Благодаря своей дружбе с доном Мануэлем Руисом Соррильей, которого можно было считать центральной фигурой в революционном движении, я вступил в контакт со многими испанскими революционерами и со многими известными французскими республиканцами, но все эти знакомства привели меня к большому разочарованию: в одних я видел лицемерно скрываемый эгоизм, в других, более искренних, я обнаруживал лишь недостаток идеалов — и при этом никто не осознавал необходимости реализовать радикальные преобразования, которые касались бы самых основ, гарантируя абсолютное социальное перерождение.
Опыт, приобретенный мной в течение пятнадцати лет проживания в Париже, где я столкнулся с кризисом буланжизма, дрейфусизма и национализма, представлявшим собой опасность для Республики, убедил меня в том, что до сих пор нерешенной остается проблема народного образования, а поскольку она остается нерешенной во Франции, тем менее можно было ожидать, что ее сможет разрешить испанский республиканизм, который всегда демонстрировал самое прискорбное непонимание центральной значимости, которым обладает система образования для народа.
Представьте себе, каким было бы нынешнее поколение, если бы испанская республиканская партия, после ссылки Руиса Соррильи, посвятила бы свои усилия основанию рационалистических школ, по одной на каждый комитет, на каждый свободомыслящий кружок, или на каждую масонскую ложу; если бы, вместо того чтобы выбирать президентов, секретарей и представителей комитетов на места, которые они должны будут занять в будущей республике, они активно работали бы над народным образованием, какой прогресс был бы достигнут за тридцать лет в дневных школах для детей и в вечерних школах для взрослых.

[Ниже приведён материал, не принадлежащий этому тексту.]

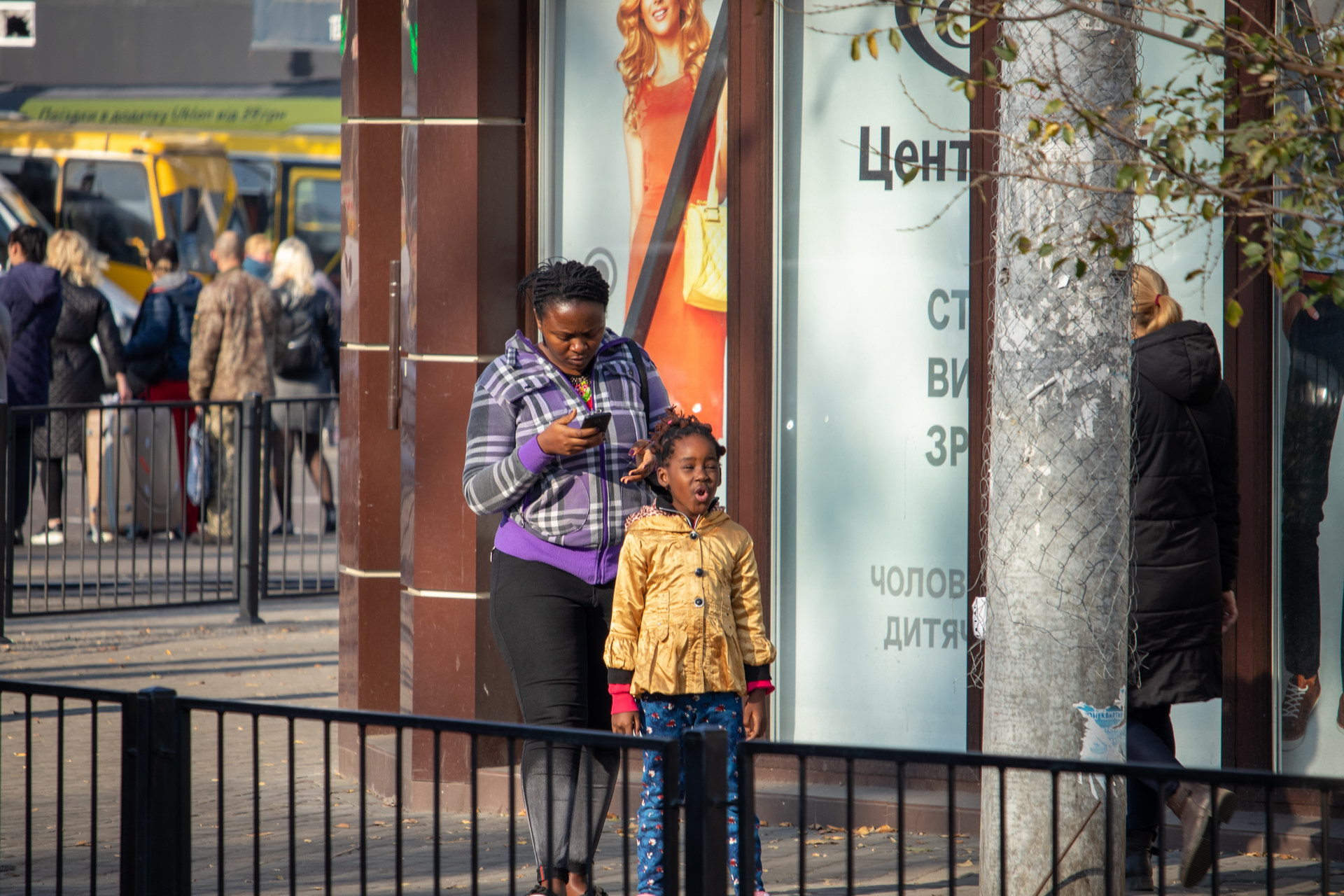 Темнокожая мама с ребенком девочкой около рынка Привоз Одесса – bur4ik.ru фото 5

Разве удовлетворился бы в этом случае народ, отправляя в парламент депутатов, которые принимают законы об общественных объединениях для представления монархистам?

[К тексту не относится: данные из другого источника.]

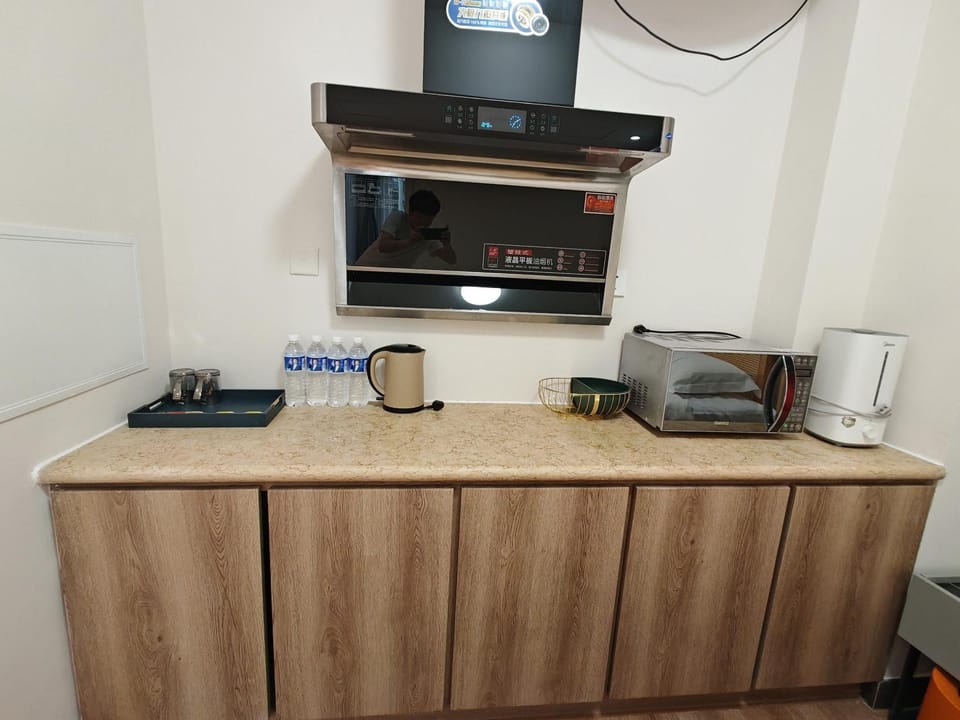 Kitchen or kitchenette, kitchen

Разве ограничился бы народ бунтами из-за растущих цен на хлеб, не бунтуя при этом против всех лишений, которым подвергается рабочий из-за обилия роскоши, окружающей тех, кто обогатился за счет чужого труда?
Разве изможденный народ бунтовал бы только против налогов, вместо того чтобы организоваться в борьбе за подавление всех тиранических привилегий?

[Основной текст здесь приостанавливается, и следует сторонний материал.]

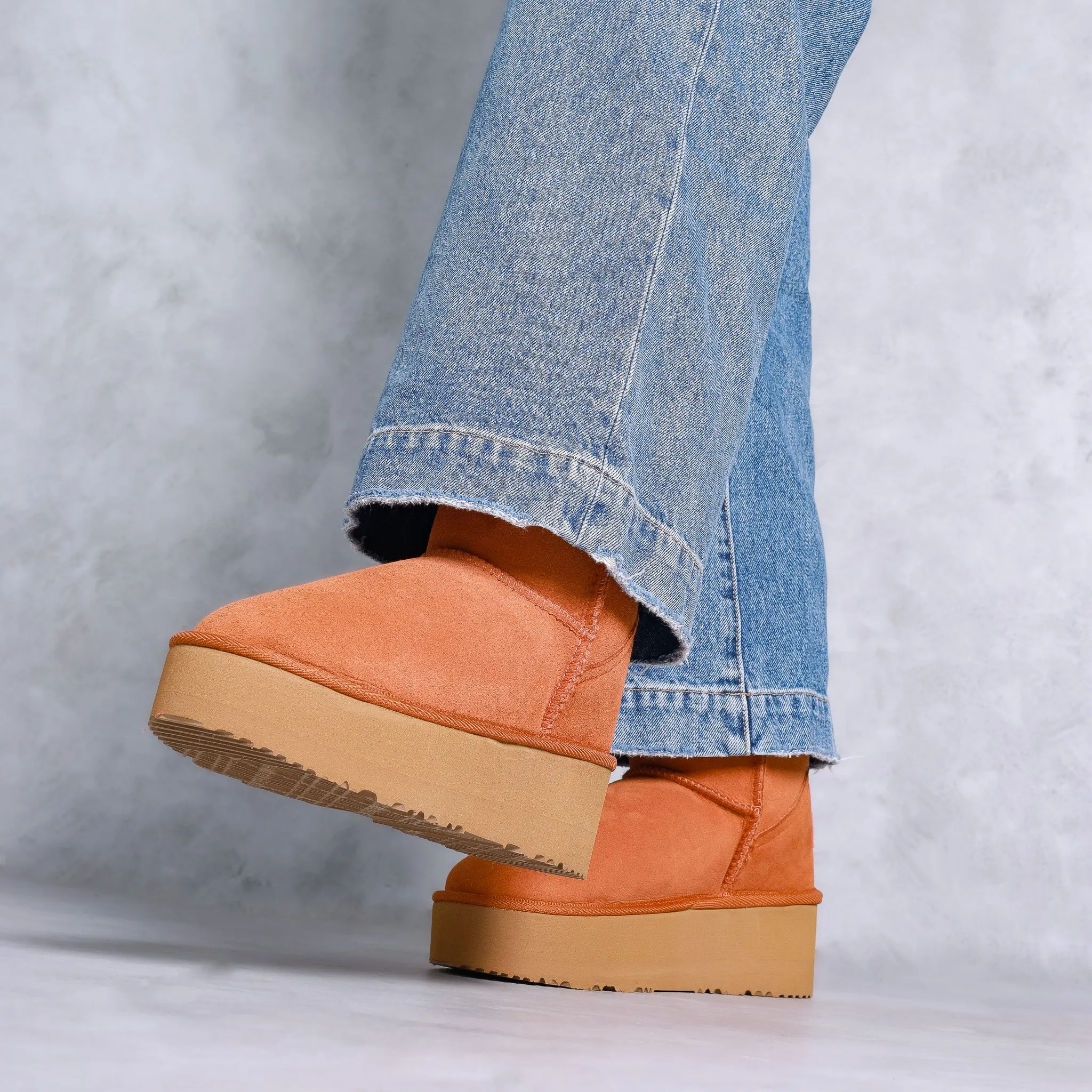 Women's Classic Mini Platform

Мое положение преподавателя испанского языка в Филотехнической ассоциации и в ложе Великого Востока Франции давало мне возможность вступать в контакт с представителями всех классов, как в смысле их собственного характера, так и в смысле социального статуса, и, знакомясь с их идеями о собственной роли в общем деле, я видел в них только людей, готовых потратить как можно большую часть своей жизни на индивидуальные цели: кто-то изучал испанский ради продвижения по служебной лестнице, кто-то для того чтобы заниматься испанской литературой в интересах собственной карьеры, кто-то для того чтобы сделать для себя более приятными путешествия по испаноязычным странам.
Никого не шокировал абсурд, правящий повсюду из-за несообразности между обыденными представлениями и научным знанием, и никого ничуть не беспокоило желание придать рациональную и справедливую форму человеческой солидарности, которую давало всем живым существам в каждом поколении приобщение к достоянию, созданному предыдущими поколениями.
Я видел, что прогресс считают чем-то вроде фатальной неизбежности, независимой от знаний и доброты людей, результатом случайностей и происшествий без участия сознательных действий и человеческой энергии. Индивид, сформировавшийся в семье с ее необузданными атавизмами, с ее традиционными ошибками, повторяющимися из поколения в поколение по незнанию матерей, и в школе, где происходит нечто худшее, чем просто ошибки — сознательная ложь, навязываемая теми, кто придумывает догмы во имя предполагаемого божественного откровения — такой индивид вступает в общество деформированным и деградированным и вследствие этого уже не может распоряжаться собой, его деятельность приносит лишь иррациональные и пагубные результаты.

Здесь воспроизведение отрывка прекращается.